# Post a pic of you as a kid on a bike



## tooclosetosee (Aug 2, 2011)

This was my baby. I rode it all the time from when I was 8 to 16.



Uploaded with ImageShack.us


----------



## insanitylevel9 (Sep 23, 2009)

the fork is on backwards......


----------



## ARCHAIC (Jun 4, 2011)

insanitylevel9 said:


> the fork is on backwards......


Hahahaha! I don't know why but that being the first reply made me laugh my ass off!!


----------



## tooclosetosee (Aug 2, 2011)

insanitylevel9 said:


> the fork is on backwards......


Yea, if I recall right I thought it looked better that way. That's probably the reason why it broke though. Replaced it with a chrome one.


----------



## sayzawn (Jul 15, 2011)

Man, I need to look through all my parents photo albums. I rode a mid 80s GT Pro Series all over the hood...


----------



## tooclosetosee (Aug 2, 2011)

ccs1676 said:


> Man, I need to look through all my parents photo albums. I rode a mid 80s GT Pro Series all over the hood...


Yea, that's how I got this one. I would have been pretty pissed if my parents never took a picture of me riding my bike because I was on it pretty much all the time.

I asked my dad about the bike and wanted to bring it to my house and he was like "oh that thing, I think I cut it up and sold it for scrap". I was pretty upset to find out my favorite childhood thing was scrapped. :madmax:

I believe the bike was a Mongoose Menace III (approx. 1990)


----------



## sayzawn (Jul 15, 2011)

I remember back in the 80s, to my 10yr old mind, Mongoose was a good brand. Now at walmart.


----------



## NicoleB (Jul 21, 2011)

you cant see it here, the pic is cut off, but i'm sitting on a sweet ninja turtles huffy. and in the background, is my dad's sweet huffy. Hey, ride it if you got it.


----------



## Joe-it-all (Apr 6, 2004)

Yea 80's.


----------



## CarolinaLL6 (Apr 12, 2010)

1968-ish


----------



## Steamer19 (Nov 4, 2006)

Not sure if my parents would have any pics but my first "sweet" bike was one of those moto-cross like bicycles with plastic fenders and a plastic gas tank. It was awesome, I think???


----------



## DJ Giggity (Sep 9, 2008)

Steamer19 said:


> Not sure if my parents would have any pics but my first "sweet" bike was one of those moto-cross like bicycles with plastic fenders and a plastic gas tank. It was awesome, I think???

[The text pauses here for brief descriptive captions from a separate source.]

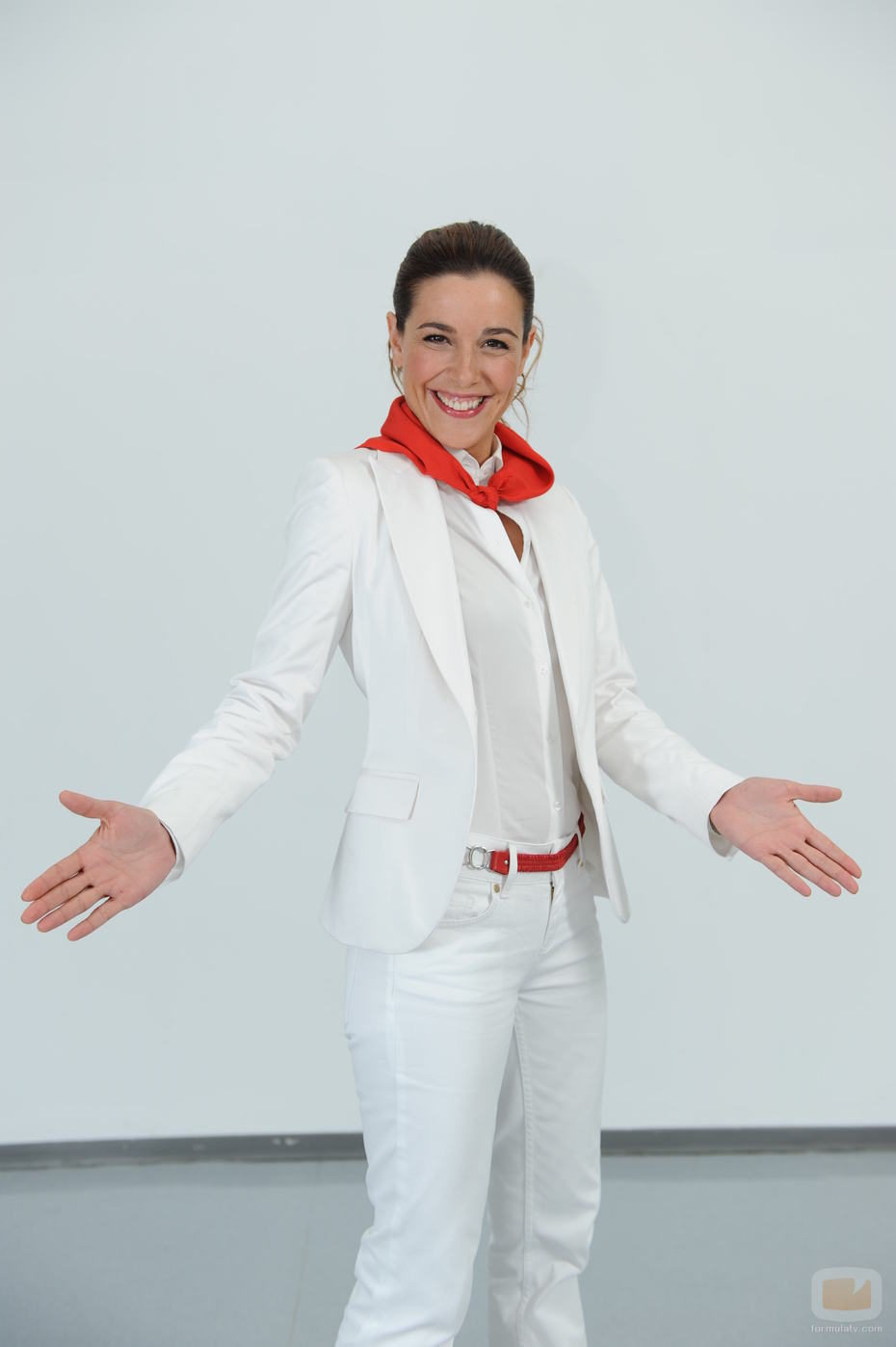Raquel Sánchez-Silva se viste de Sanfermín para Cuatro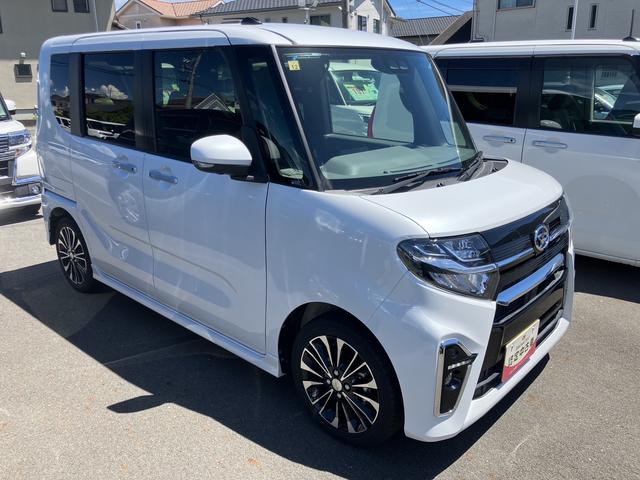 タントカスタムＲＳセレクション１５インチアルミホイール　大型エアロバンパー　フルＬＥＤヘッドランプ　オート格納式カラードドアミラー　革巻ステアリングホイール　両側パワースライドドア（静岡県）の中古車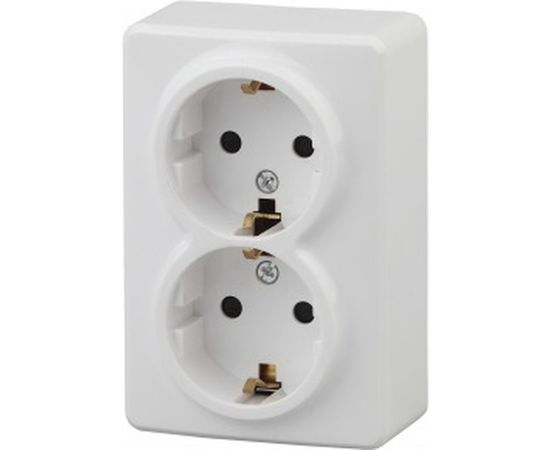 Розетка ЭРА Эксперт 11-2205-01 2х2P+E Schuko, 16АХ-250В, ОУ, белый Б0020691 
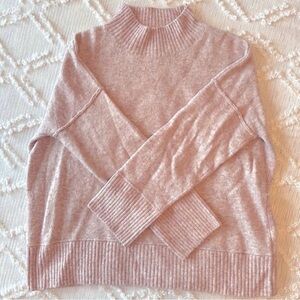 Vince Camuto Blush Turtleneck Sweater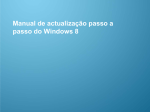 Manual de actualização para o Windows 8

They were awesome. I have had a lot of nice bikes but I was as excited about this one as any of them.


----------



## tooclosetosee (Aug 2, 2011)

ccs1676 said:


> I remember back in the 80s, to my 10yr old mind, Mongoose was a good brand. Now at walmart.


Yea, it was in the window of the bike shop and I was in love with it. I don't remember the details, but I remember it being "expensive" at the time. Maybe like $100 or $150 or so, but this again was 1990 dollars. I also remember Dyno being a good brand at the time. Or at least all of the other kids thought it was cool.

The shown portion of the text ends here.